* **Exercise instructions**: Drop the pictures and repeat exactly from the "The side chest" line down to the last line of the entries below.

Content starts

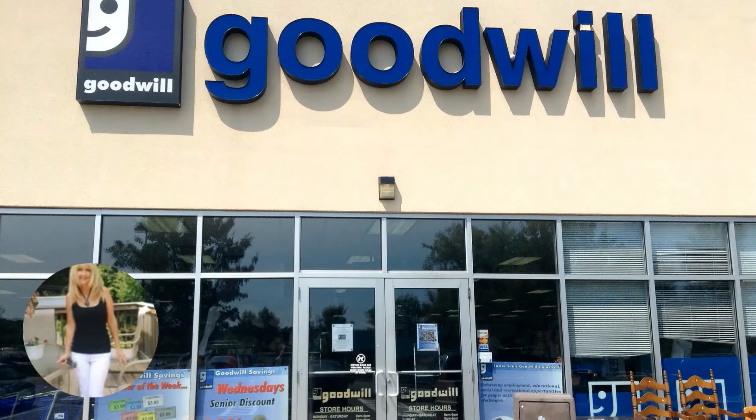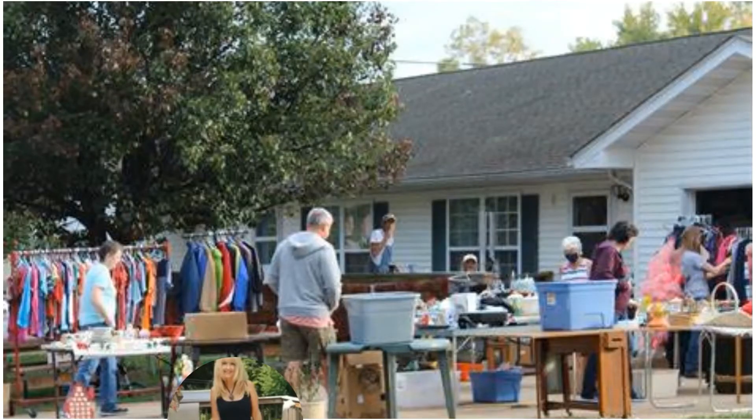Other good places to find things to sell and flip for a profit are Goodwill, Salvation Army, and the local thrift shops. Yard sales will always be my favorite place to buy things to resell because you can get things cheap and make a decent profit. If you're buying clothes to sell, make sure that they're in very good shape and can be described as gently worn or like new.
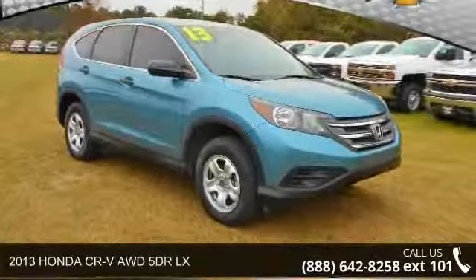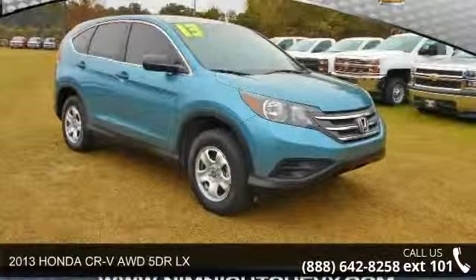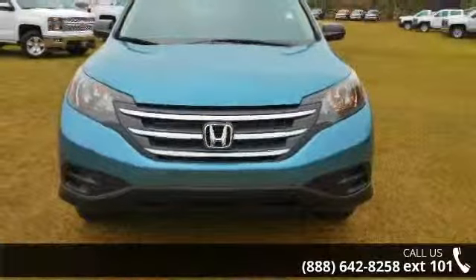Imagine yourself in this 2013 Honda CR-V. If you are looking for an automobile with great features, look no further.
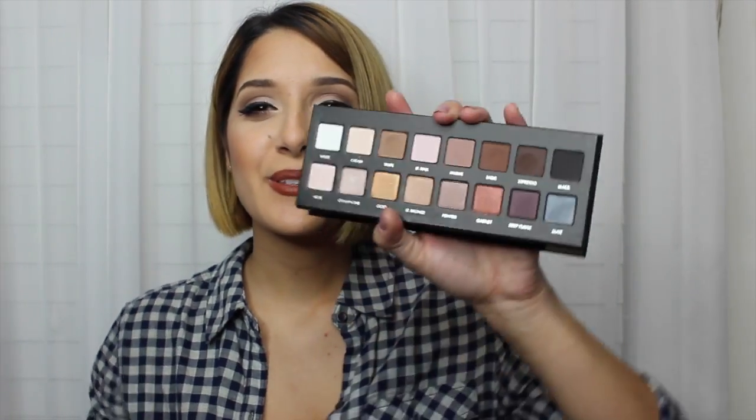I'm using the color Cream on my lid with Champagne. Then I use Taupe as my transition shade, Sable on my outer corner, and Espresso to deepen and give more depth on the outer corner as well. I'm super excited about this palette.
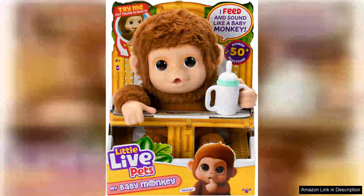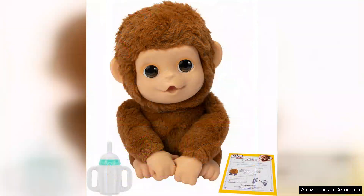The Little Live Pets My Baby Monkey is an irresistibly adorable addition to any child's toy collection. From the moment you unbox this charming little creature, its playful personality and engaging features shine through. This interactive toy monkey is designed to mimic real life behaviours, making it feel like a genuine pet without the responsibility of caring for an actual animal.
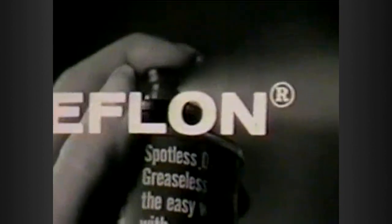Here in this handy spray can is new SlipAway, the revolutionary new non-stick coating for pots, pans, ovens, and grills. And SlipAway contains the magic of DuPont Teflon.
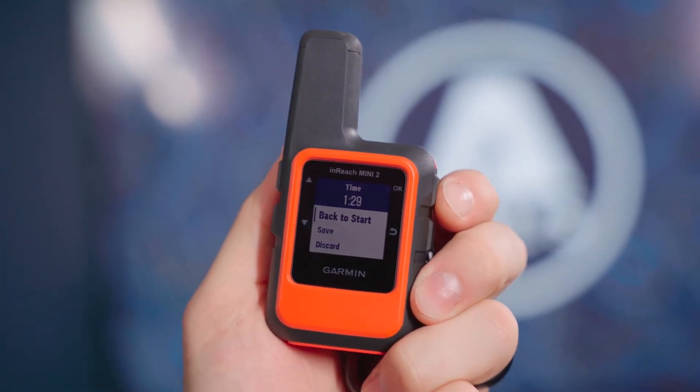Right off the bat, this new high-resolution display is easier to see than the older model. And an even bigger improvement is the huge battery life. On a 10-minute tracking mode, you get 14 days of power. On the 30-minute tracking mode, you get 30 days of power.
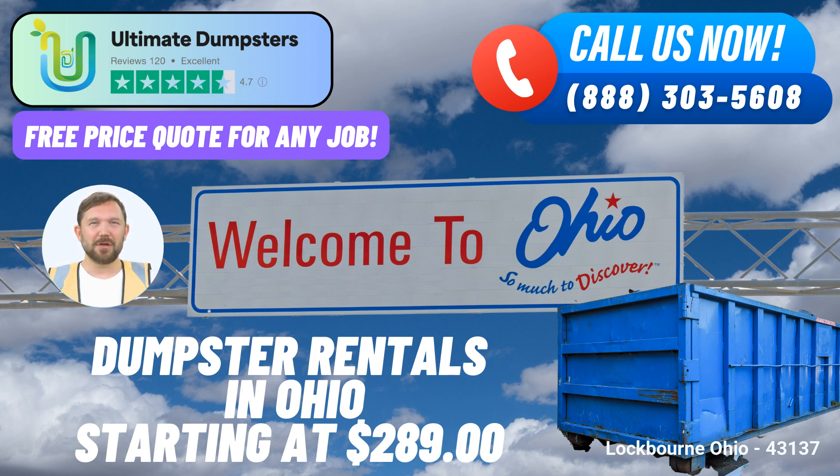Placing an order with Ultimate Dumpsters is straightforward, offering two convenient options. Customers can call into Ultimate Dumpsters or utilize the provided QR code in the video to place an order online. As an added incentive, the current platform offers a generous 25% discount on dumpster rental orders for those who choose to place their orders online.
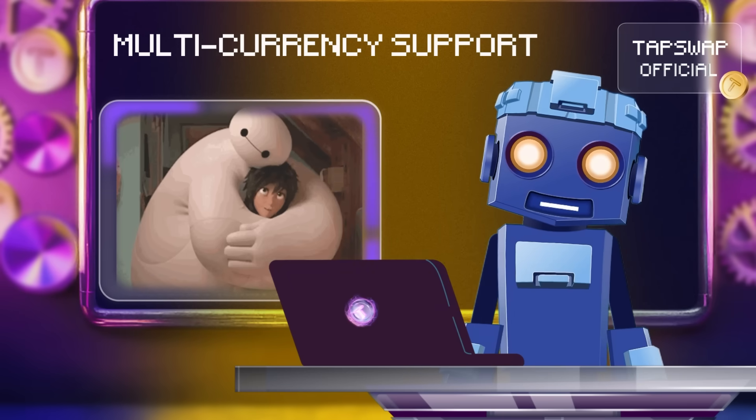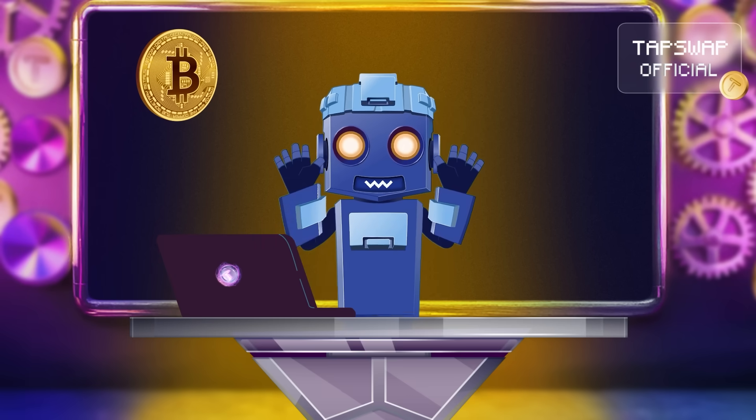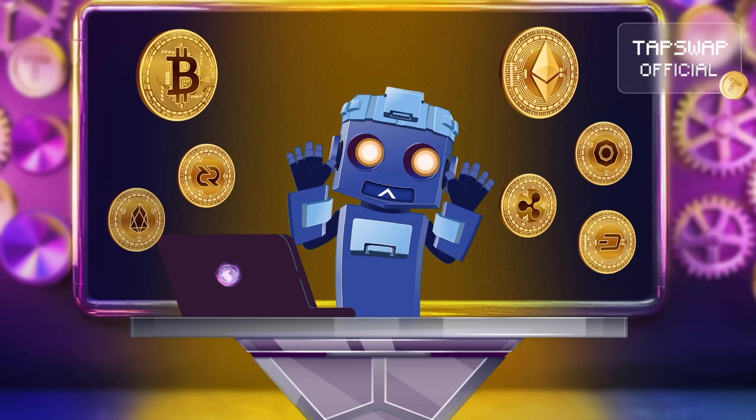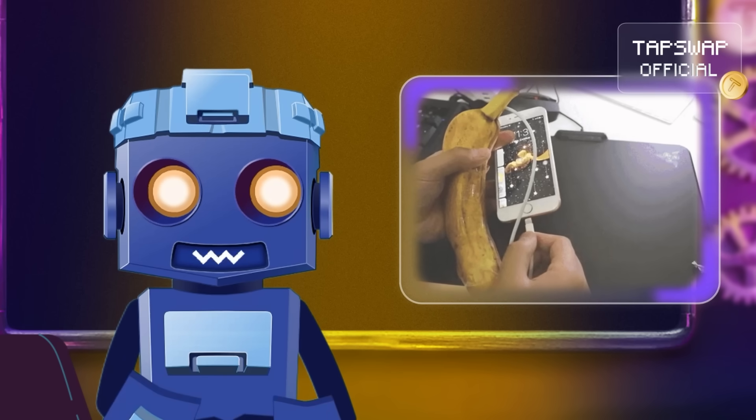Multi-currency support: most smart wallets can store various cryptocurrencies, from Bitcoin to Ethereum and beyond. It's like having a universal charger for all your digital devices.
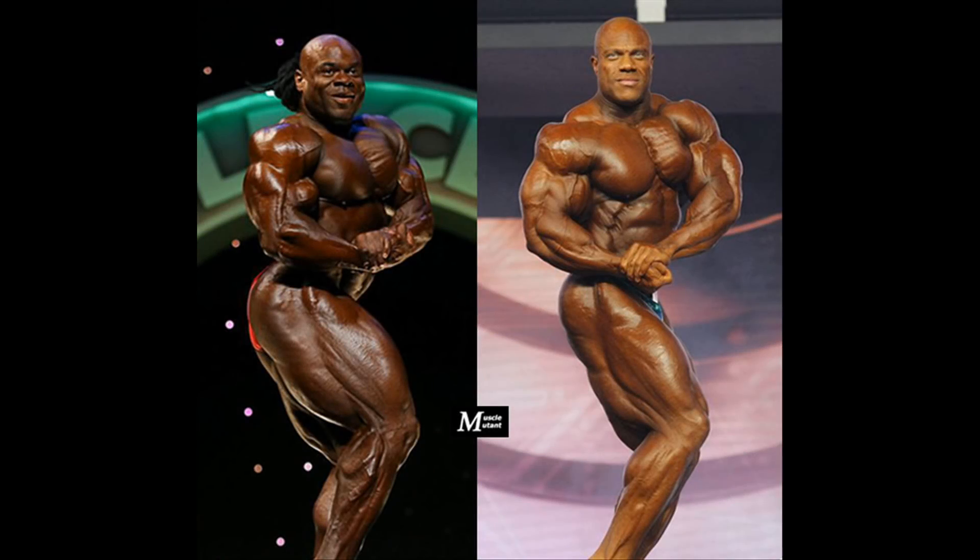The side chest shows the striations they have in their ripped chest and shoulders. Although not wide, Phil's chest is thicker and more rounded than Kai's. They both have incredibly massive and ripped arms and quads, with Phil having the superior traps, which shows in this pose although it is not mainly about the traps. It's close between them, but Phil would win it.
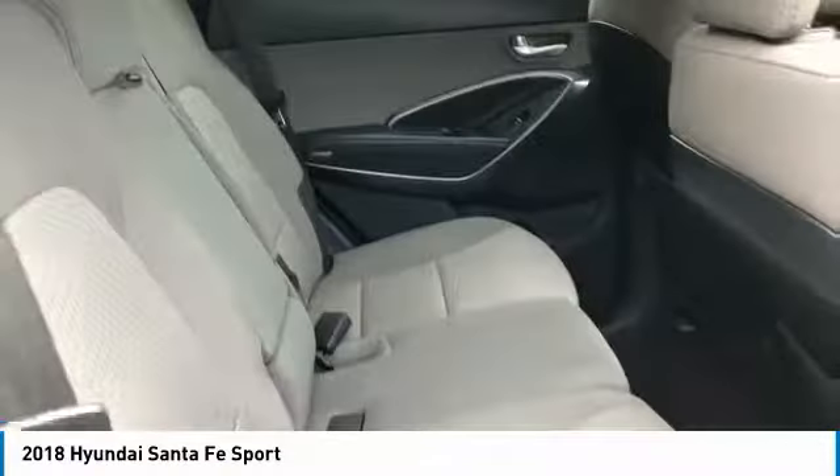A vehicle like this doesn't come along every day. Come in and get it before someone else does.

Content ends

* **Answer to this problem**:
The side chest shows the striations they have in their ripped chest and shoulders. Although not wide, Phil's chest is thicker and more rounded than Kai's. They both have incredibly massive and ripped arms and quads, with Phil having the superior traps, which shows in this pose although it is not mainly about the traps. It's close between them, but Phil would win it.
A vehicle like this doesn't come along every day. Come in and get it before someone else does.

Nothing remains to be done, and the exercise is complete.